Recently my son was asked to write a speech on hunger in America. Before he started writing it, we discussed it for a few days every time we were heading somewhere. Kids understand that there are people who do not have enough food. But it becomes much more clear if hunger has a face! This has them asking questions–like why and how and what can they do to help? Kids are great!
In Nebraska, 1 in 8 people struggle with hunger. According to Feeding America, these are the brutal statistics:
- 48.1 million Americans lived in food insecure households, including 32.8 million adults and 15.3 million children.
- 14 percent of households (17.4 million households) were food insecure.

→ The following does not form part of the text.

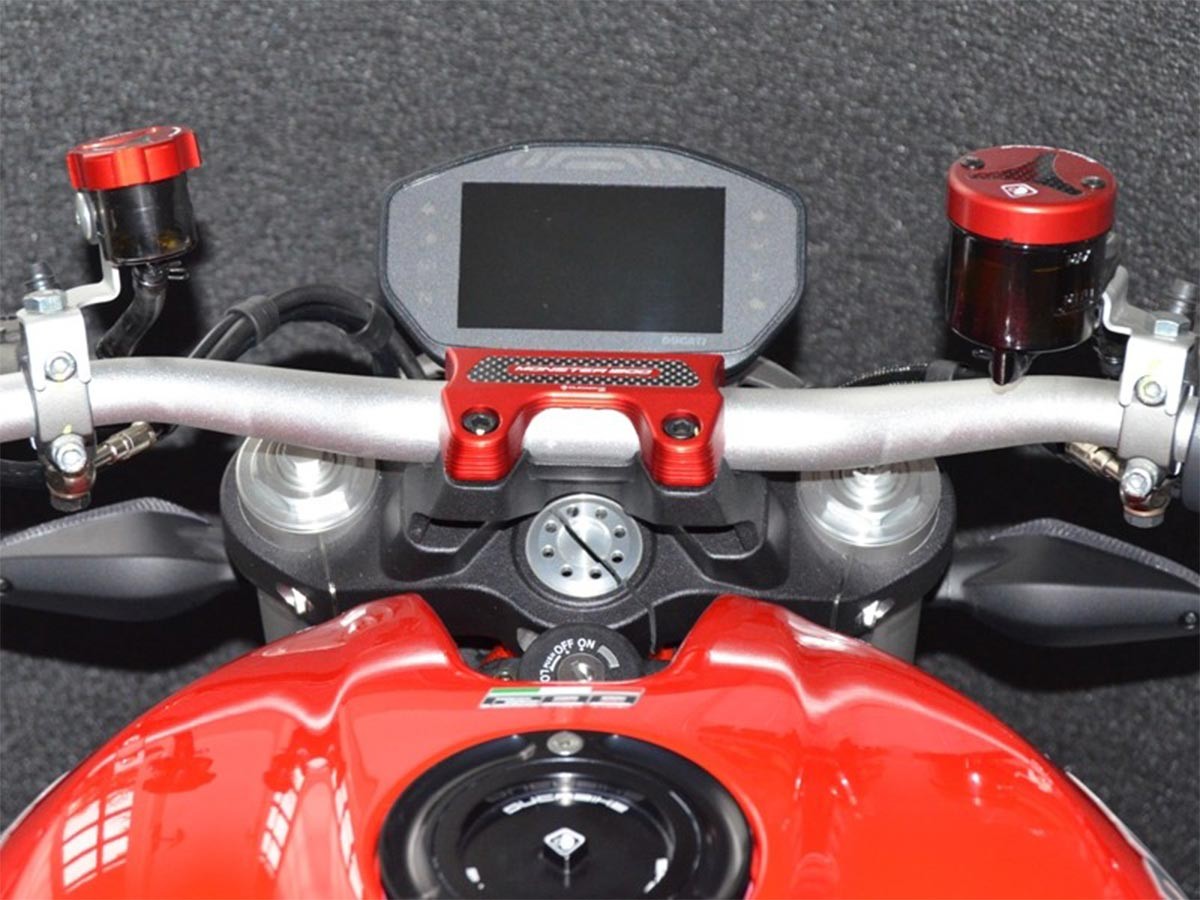 BM04 - HANDLEBAR CLAMP M1200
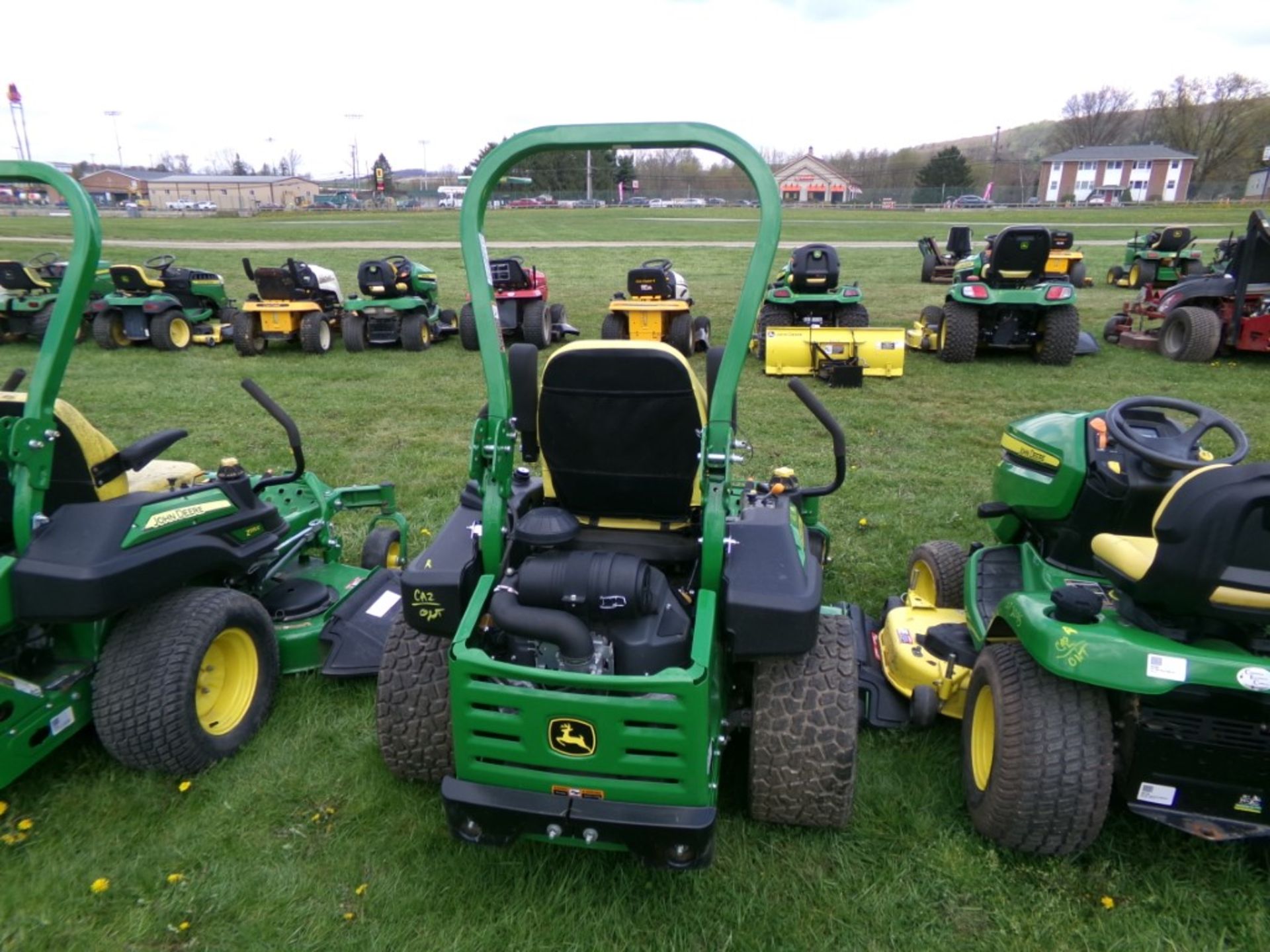 JD Z960M Z-Trak Zero-Turn w/60'' 7 Iron Deck, 31 HP Kawasaki Eng, Michelin Run Flat Tires in Rear, - Image 3 of 3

- 6 percent of households (6.9 million households) experienced very low food security.
- Households with children reported food insecurity at a significantly higher rate than those without children, 19 percent compared to 12 percent.
- Households that had higher rates of food insecurity than the national average included households with children (19%), especially households with children headed by single women (35%) or single men (22%), Black non-Hispanic households (26%) and Hispanic households (22%).
- In 2013, 5.4 million seniors (over age 60), or 9 percent of all seniors were food insecure.
Hunger in America. As an RD, I have a basic understanding of who is hungry, why, and what efforts are being made to reduce this. I know that there is not one particular reason why someone is food insecure, and not one specific way to help solve the problem. But have I given hunger a face? I see homeless people almost every day going to work. I often wonder if I should offer them a sandwich–or something? Why are they homeless? Do they want help? Is it psychological? Are they scamming? All hard questions.
I know there are a LOT of efforts in my town to help the hungry. Even in Omaha we have food deserts and families who don’t have food in their homes. We have homeless shelters, food pantries, EBT cards, back pack programs, etc… But people still fall between the cracks. So how do we help? Well–I believe it’s one person at a time. The movement of one–so to speak.
We collaborate with many entities in Douglas and Sarpy Counties to try and reduce hunger. Our nutrition staff works with the Food Bank for the Heartland – Hunger Free Heartland, The Open Door Mission, and many food pantries. During the summer, our Master Gardeners work at the Hope Garden project. They spend all summer raising a HUGE garden, then donate all of the harvest to the homeless. We attack the problem from many different aspects–and know they all are making a difference.
This week there was a news article about a school in town whose students wanted to help their fellow students who didn’t have enough food. So they started their own food pantry. Students get to go through weekly and choose fresh fruits and canned goods and easy meals. It helps those that need, and those that want to help feel like they are helping–even in a small way–even if it’s just a small amount of kids.
The same son that wrote the speech volunteers at our churches food pantry. He has seen hunger. He knows what it looks like. It’s humbling knowing that there are people who need help–and I am proud that he wants to be part of the solution. He doesn’t wonder what he should do–he does it! Maybe I need to take a lesson from him. If we all did our part–maybe we could decrease hunger. I don’t have to solve the worlds problems–but maybe I can give a person in need a sandwich or donate canned goods and too small coats to our food pantry. It starts with one!
This was written to encourage thought on my readers part. It is not trying to prove anything. Just something to ponder when you head to the fridge and grumble nothing looks good. Be grateful we have something!